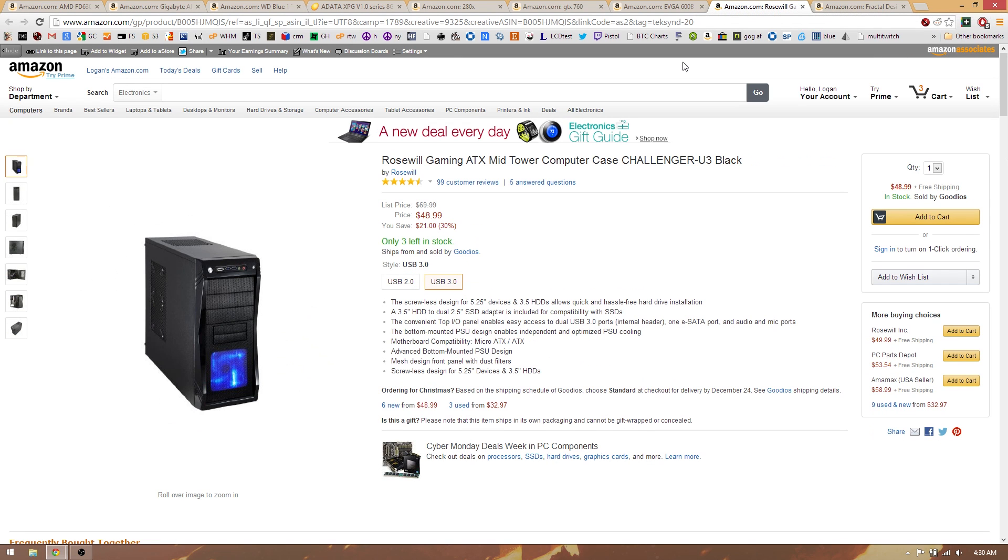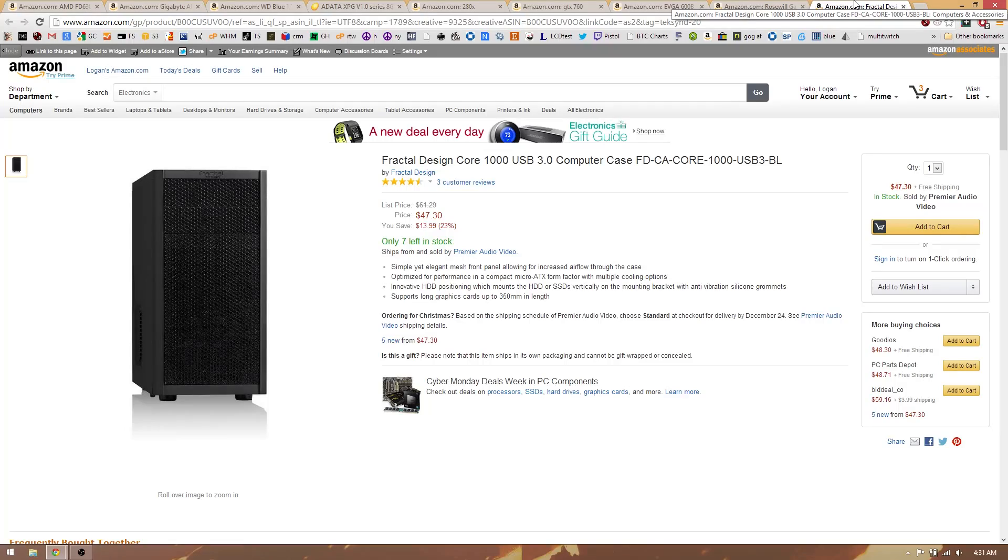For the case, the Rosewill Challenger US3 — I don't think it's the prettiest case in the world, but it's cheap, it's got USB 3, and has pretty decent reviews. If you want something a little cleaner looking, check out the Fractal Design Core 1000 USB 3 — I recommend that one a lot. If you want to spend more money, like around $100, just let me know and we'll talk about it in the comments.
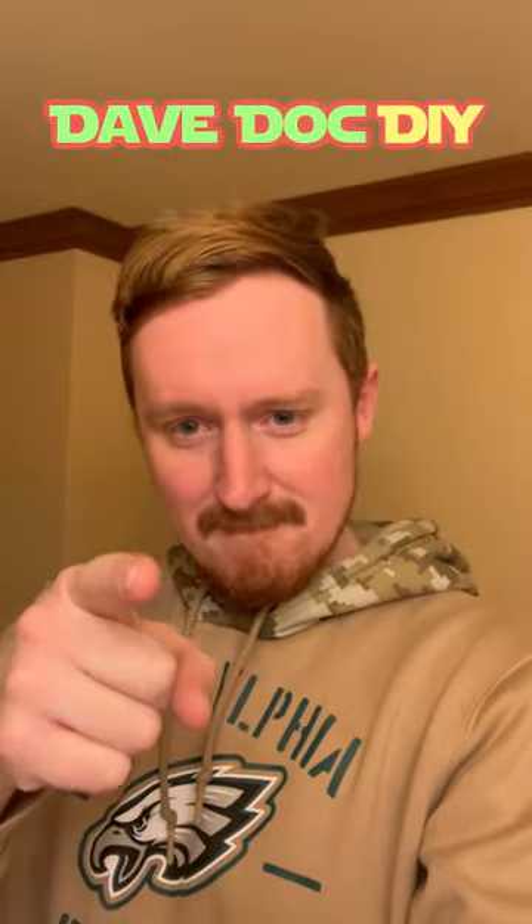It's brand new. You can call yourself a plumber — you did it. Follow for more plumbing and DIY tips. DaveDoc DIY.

▬▬▬▬▬▬▬▬▬▬

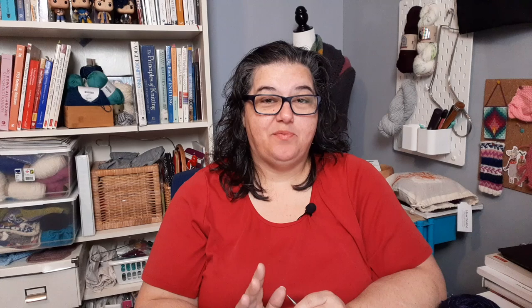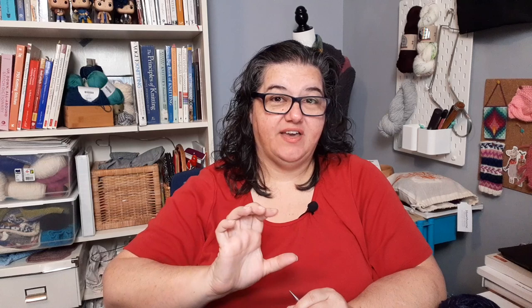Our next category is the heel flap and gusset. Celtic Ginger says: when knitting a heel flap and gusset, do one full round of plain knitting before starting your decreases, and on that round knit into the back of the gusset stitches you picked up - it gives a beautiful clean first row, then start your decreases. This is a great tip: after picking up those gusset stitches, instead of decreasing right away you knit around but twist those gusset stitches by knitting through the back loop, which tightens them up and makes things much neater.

▬▬▬▬▬▬▬▬▬▬

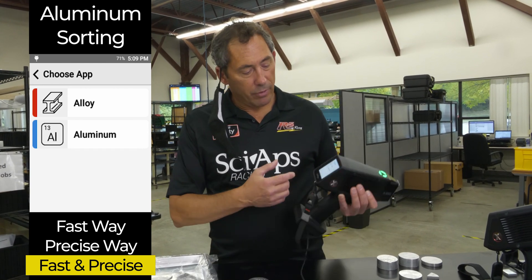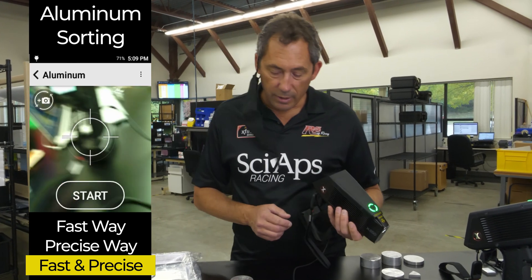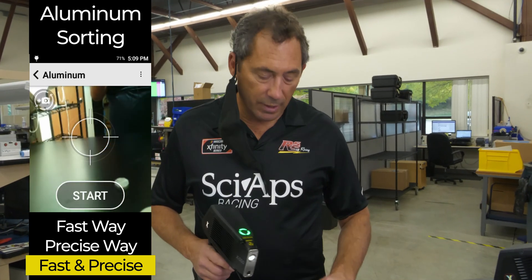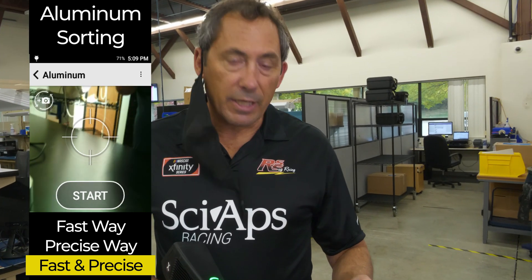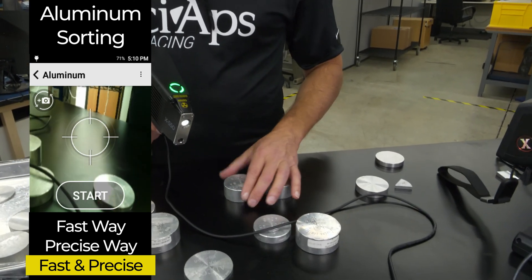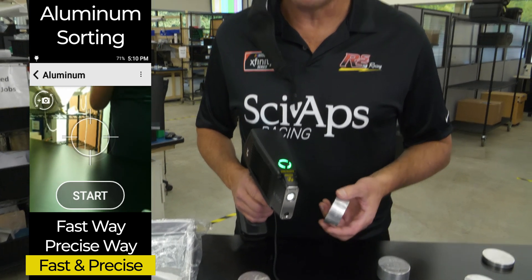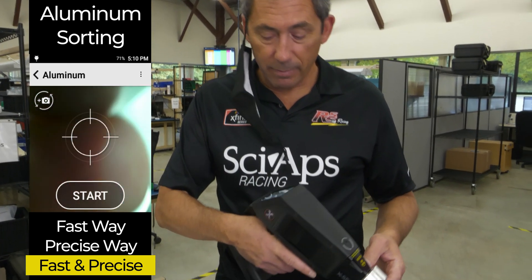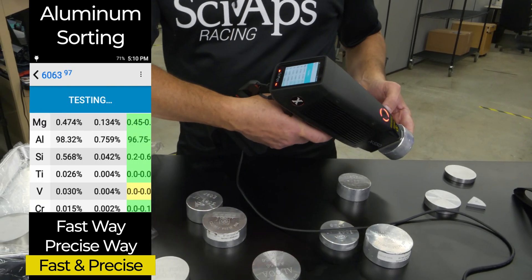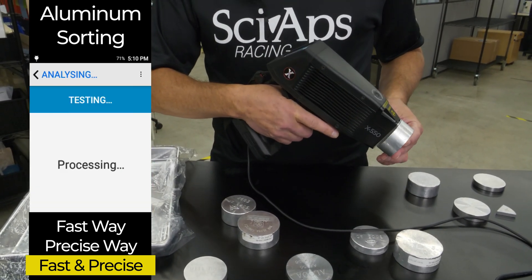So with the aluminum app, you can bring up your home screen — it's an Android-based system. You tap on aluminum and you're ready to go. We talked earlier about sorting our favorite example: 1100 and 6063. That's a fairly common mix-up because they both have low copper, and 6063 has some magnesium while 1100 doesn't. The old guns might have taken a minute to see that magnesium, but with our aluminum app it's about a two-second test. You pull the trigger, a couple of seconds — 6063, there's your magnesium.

▬▬▬▬▬▬▬▬▬▬

* _EXERCISE OBJECTIVE_: Your answer should be the exact lines above from the one containing "For the case, the" through the one containing "It's brand new.", with both end lines kept and the pictures removed, please.

* _SOLUTION TO THE EXERCISE_:
For the case, the Rosewill Challenger US3 — I don't think it's the prettiest case in the world, but it's cheap, it's got USB 3, and has pretty decent reviews. If you want something a little cleaner looking, check out the Fractal Design Core 1000 USB 3 — I recommend that one a lot. If you want to spend more money, like around $100, just let me know and we'll talk about it in the comments.
It's brand new. You can call yourself a plumber — you did it. Follow for more plumbing and DIY tips. DaveDoc DIY.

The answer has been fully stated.